## [Activity]
For the material below, the expected output is exactly the lines between the line holding "Personas celebran en" and the line holding "4 Person Picnic", inclusive, with pictures left out.

## [Material for the task]

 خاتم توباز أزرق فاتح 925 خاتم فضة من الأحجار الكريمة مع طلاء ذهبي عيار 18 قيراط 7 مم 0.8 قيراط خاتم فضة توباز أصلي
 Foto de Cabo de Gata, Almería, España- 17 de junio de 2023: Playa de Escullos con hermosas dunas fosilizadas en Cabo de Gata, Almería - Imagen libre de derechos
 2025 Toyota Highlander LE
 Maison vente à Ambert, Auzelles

* * *

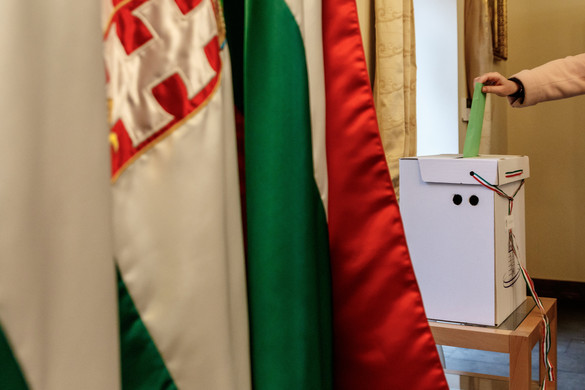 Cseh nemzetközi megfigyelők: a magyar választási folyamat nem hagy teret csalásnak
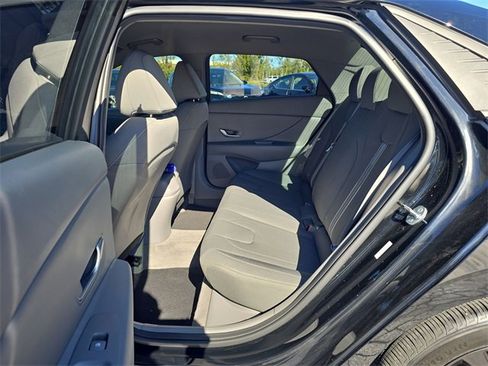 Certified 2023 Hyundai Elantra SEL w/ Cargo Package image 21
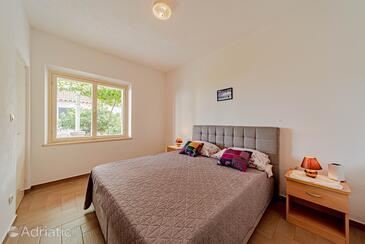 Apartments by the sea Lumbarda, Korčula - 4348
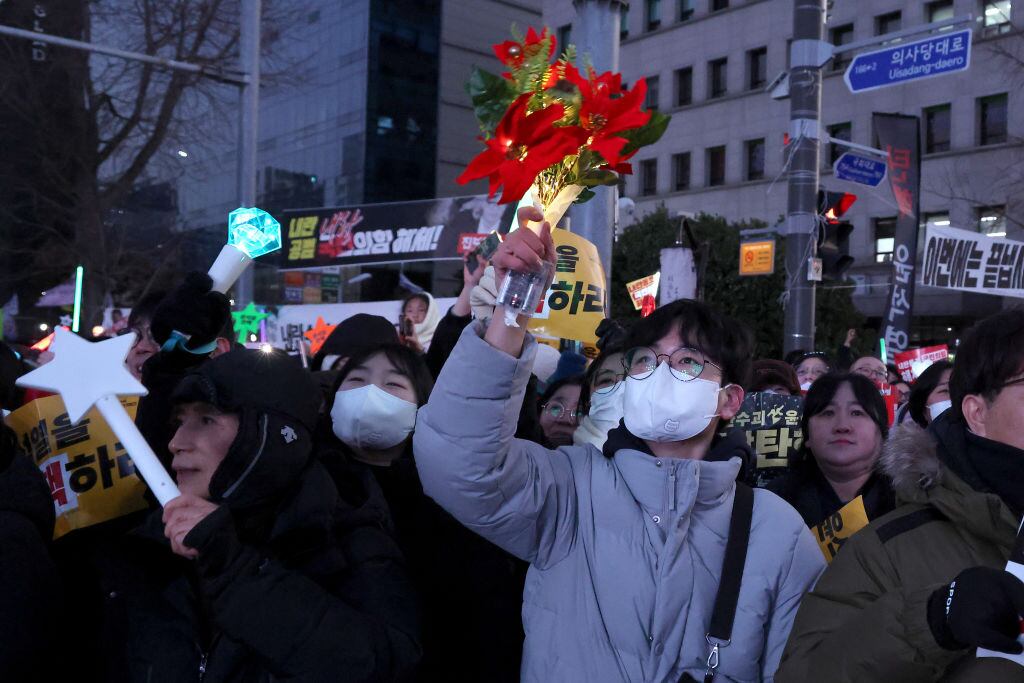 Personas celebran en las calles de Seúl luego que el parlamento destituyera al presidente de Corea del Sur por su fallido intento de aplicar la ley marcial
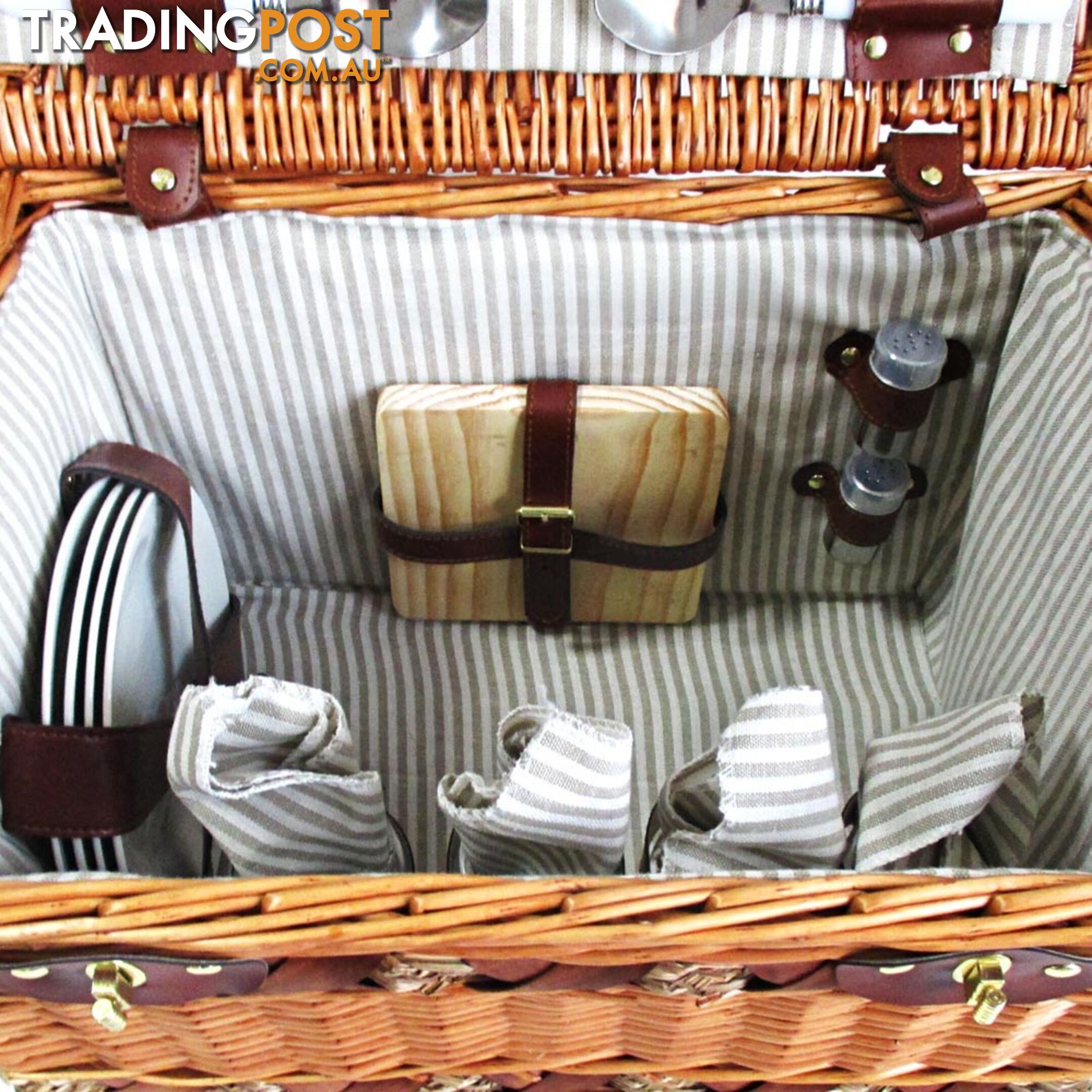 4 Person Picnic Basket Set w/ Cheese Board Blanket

## [Task output]
 Personas celebran en las calles de Seúl luego que el parlamento destituyera al presidente de Corea del Sur por su fallido intento de aplicar la ley marcial
 4 Person Picnic Basket Set w/ Cheese Board Blanket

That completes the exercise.